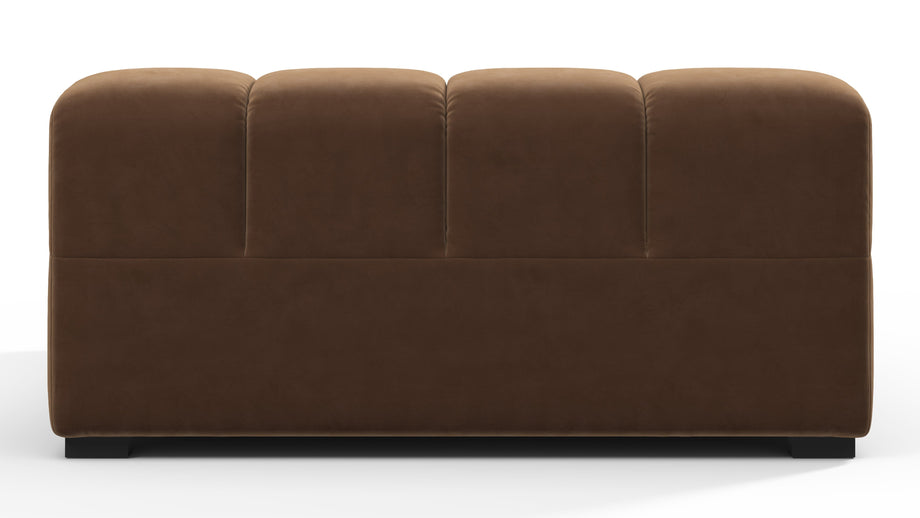 TuftyMocha Velvet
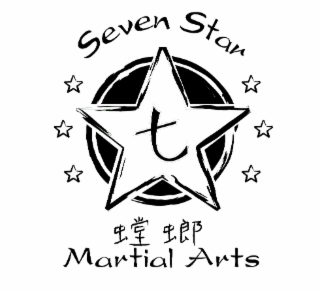 seven star martial arts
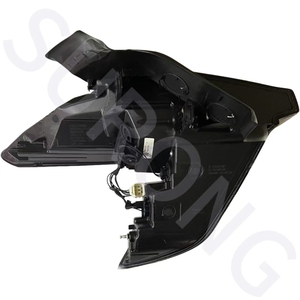 Surong mg Mulan(MG4) dẫn đuôi Ánh Sáng Thiết lập Trái + Phải 10976793 & 10976794, một năm bảo hành, e-đánh dấu chứng nhận - Product Image 5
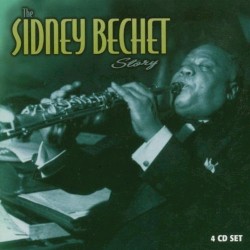 The Sidney Bechet Story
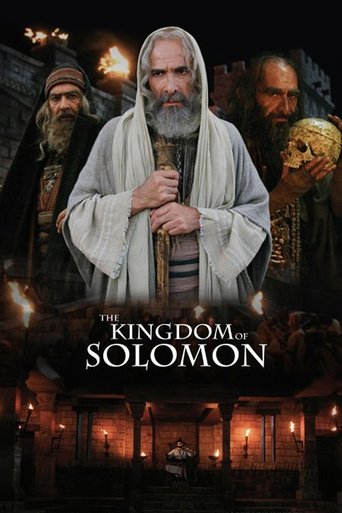 Watch The Kingdom of Solomon 2010 poster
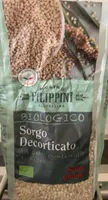 Sorgo decorticato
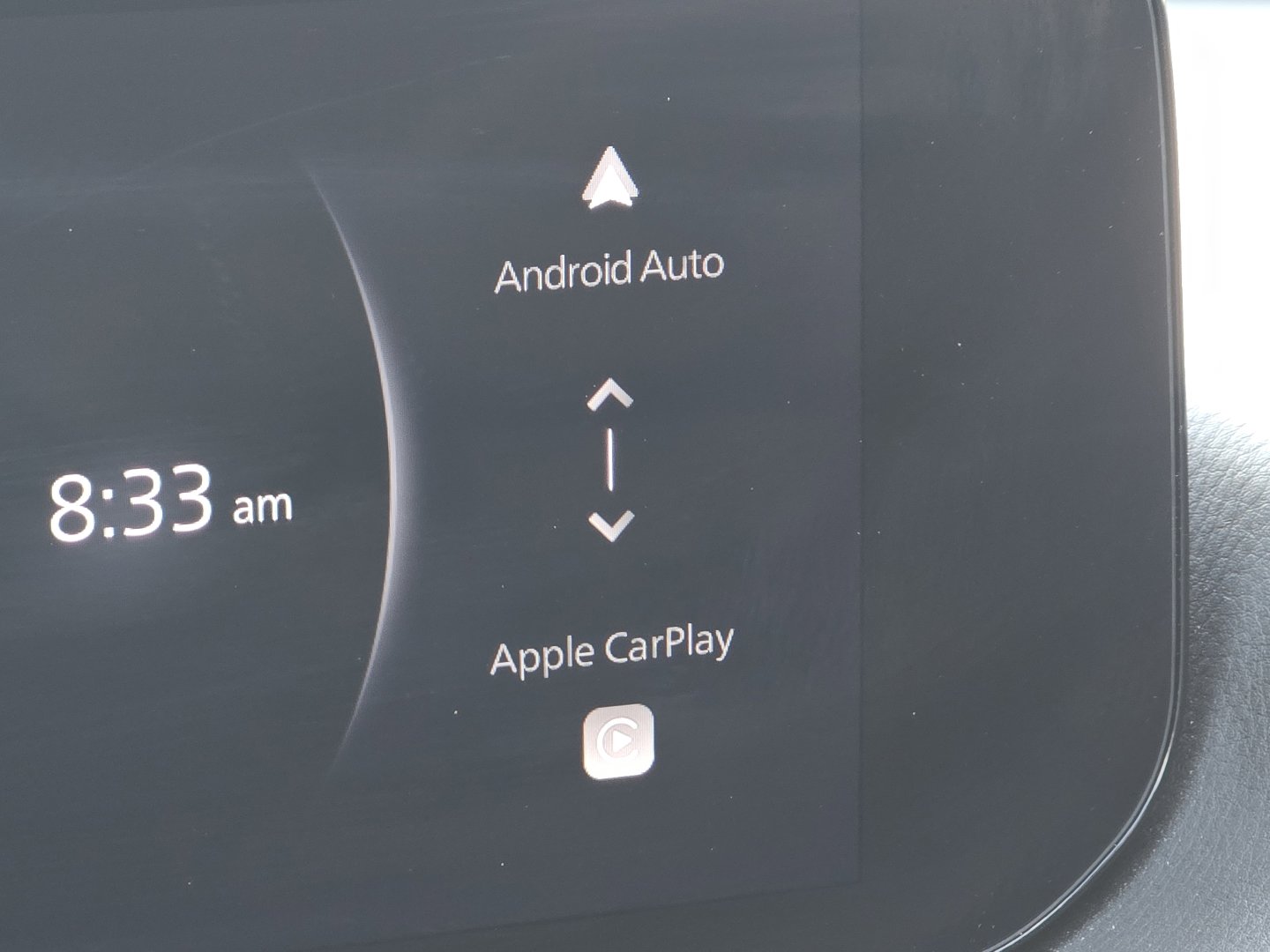 Used 2025 MAZDA CX-50 AWD 2.5 S w/ Preferred Package image 6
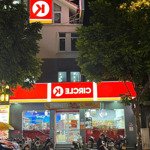 Cho thuê nhà mặt phố hàng gai 200m2 x 1 tầng, mặt tiền 5m, vị trí siêu vip lh: 0349 388 036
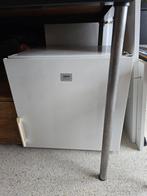 Zanussi tafelmodel vriezer, Ophalen, Minder dan 85 cm, Zo goed als nieuw, 45 tot 60 cm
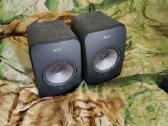 Kef Lsx pirmos kartos - nuotraukos Nr. 12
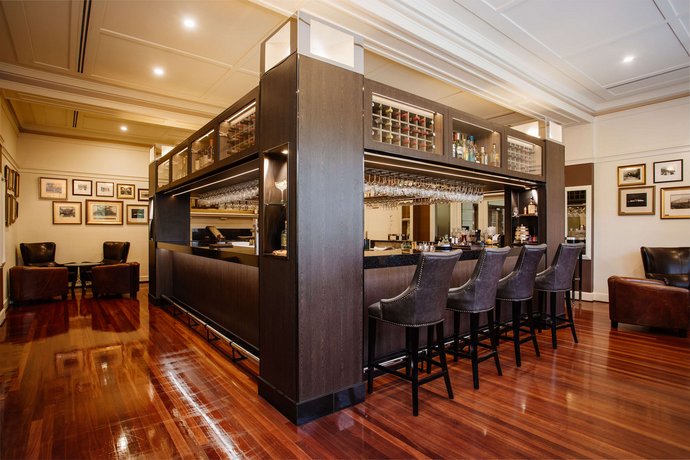 Hyatt Hotel Canberra - A Park Hyatt Hotel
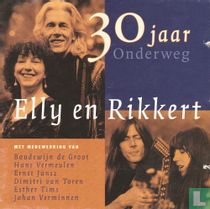 30 jaar onderweg
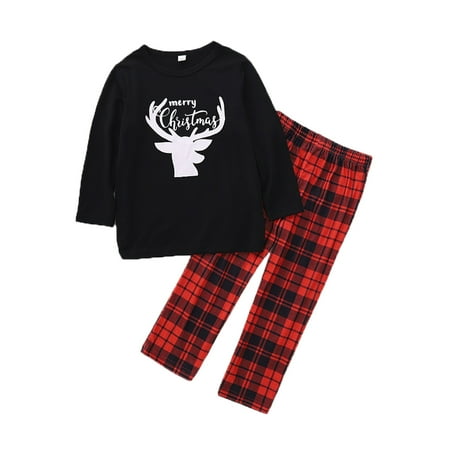 Christmas Deals Fashion Lovely Comfortable Cotton Family Mums Matching Christmas Pajamas PJs Sets Xmas Gift Sleepwear Nightwear Outfit Clothes
Christmas Deals Fashion Lovely Comfortable Cotton Family Mums Matching Christmas Pajamas PJs Sets Xmas Gift Sleepwear Nightwear Outfit Clothes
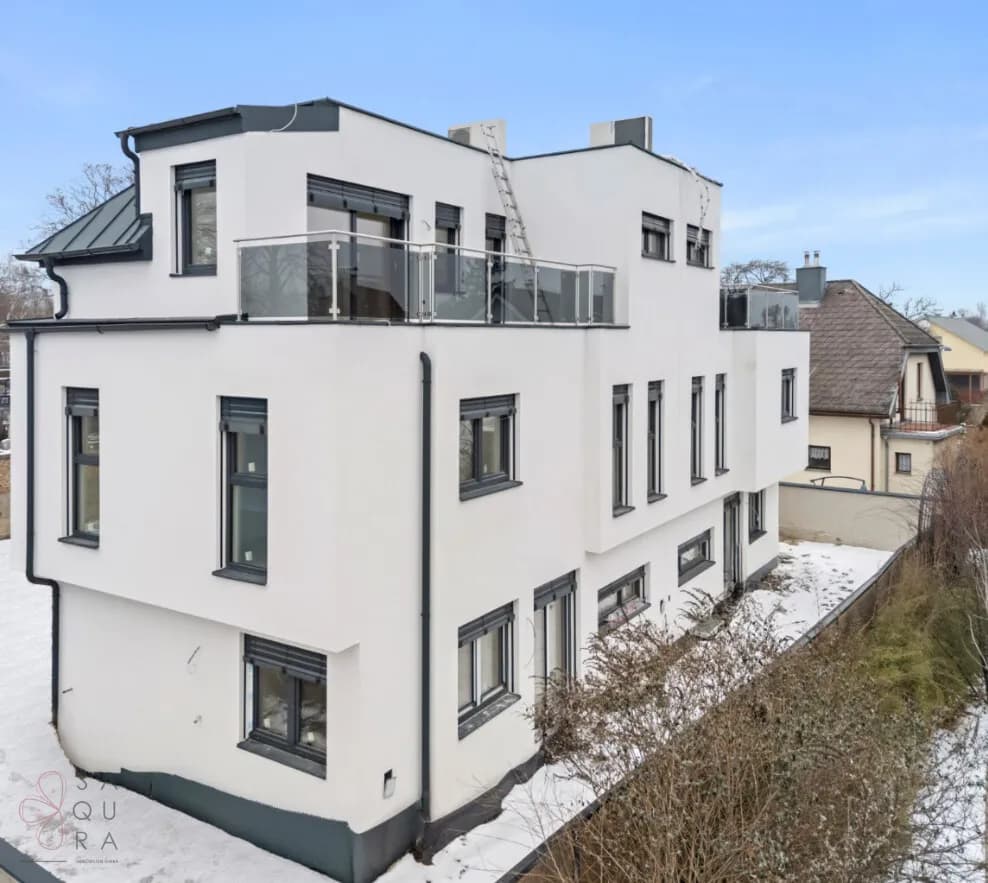 5-Zimmer-Haus kaufen in Wien – 130 m², € 659.000 – Bild 18 von 41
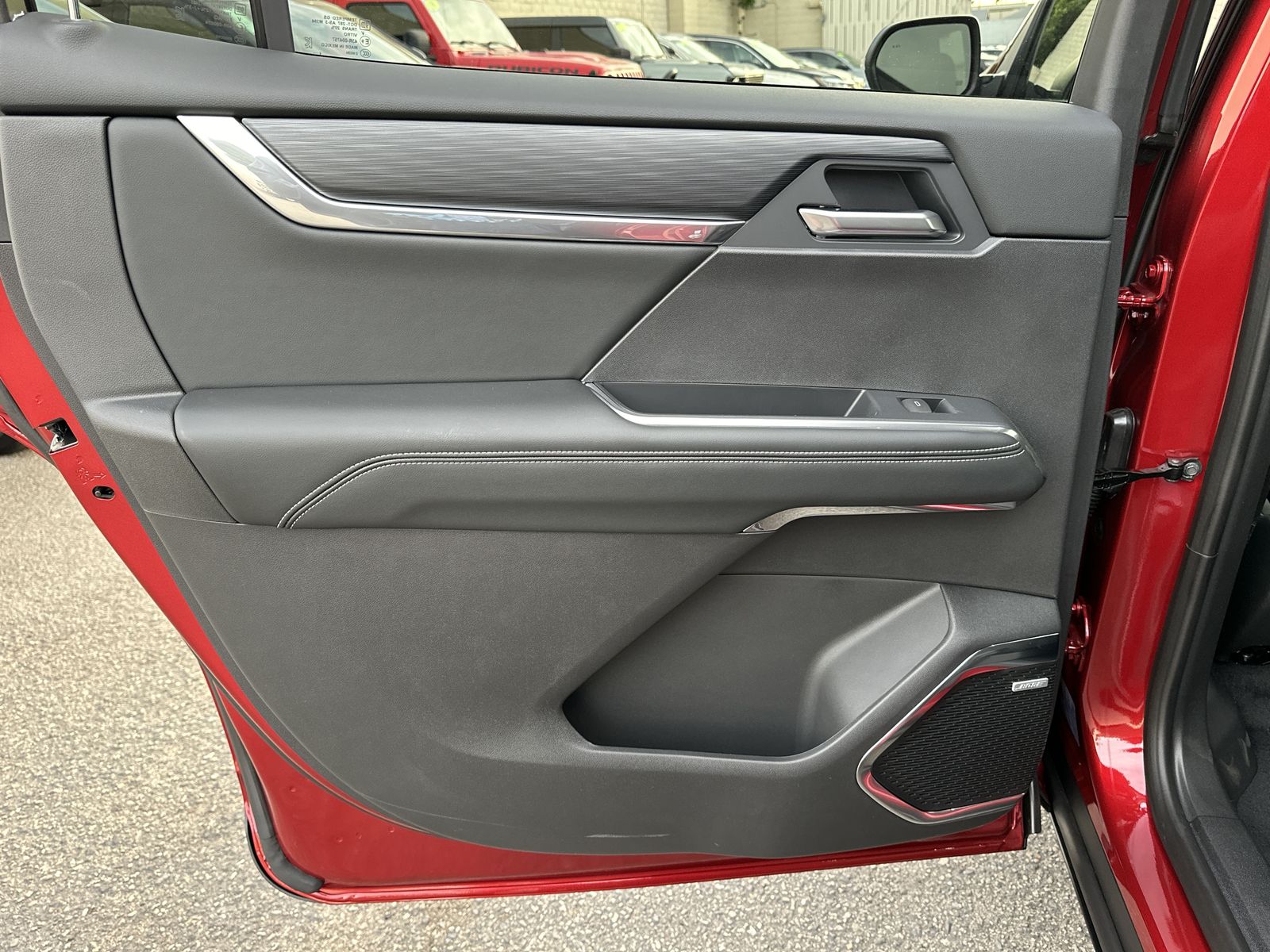 2025 GMC Acadia Elevation - Photo 60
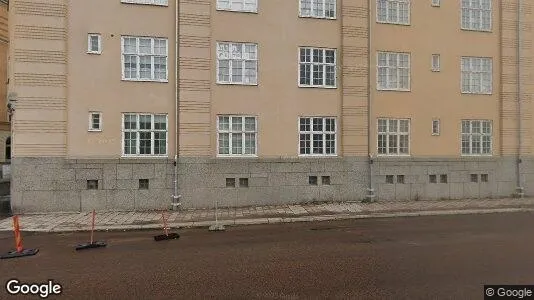 Apartments for rent in Karlstad - Photo from Google Street View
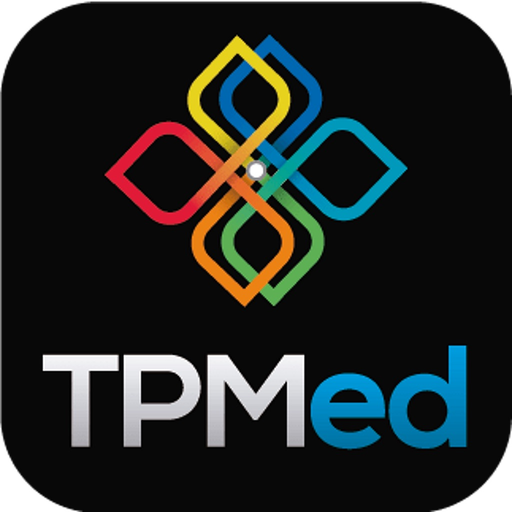 TPMed app icon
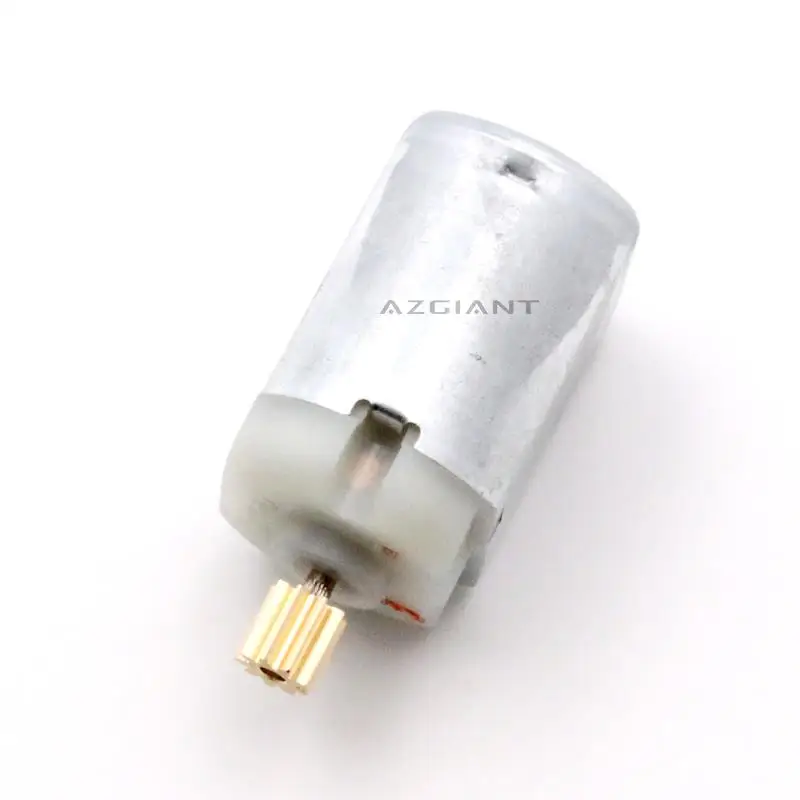 

20420 3C5141 12V Car Fuel Filler Cap Actuator Motor 9T Gear For Benz A-Class W169 A160/B-Class W245/Vito/Mixto W639 Auto Parts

....

PROBLEM STATEMENT:
Print the data above exactly, from its first line to the line bearing "Used 2025 MAZDA" inclusive, and keep pictures out of the result.

ANSWER TO THE EXERCISE:
 TuftyMocha Velvet
 seven star martial arts
 Surong mg Mulan(MG4) dẫn đuôi Ánh Sáng Thiết lập Trái + Phải 10976793 & 10976794, một năm bảo hành, e-đánh dấu chứng nhận - Product Image 5
 The Sidney Bechet Story
 Watch The Kingdom of Solomon 2010 poster
 Sorgo decorticato
 Used 2025 MAZDA CX-50 AWD 2.5 S w/ Preferred Package image 6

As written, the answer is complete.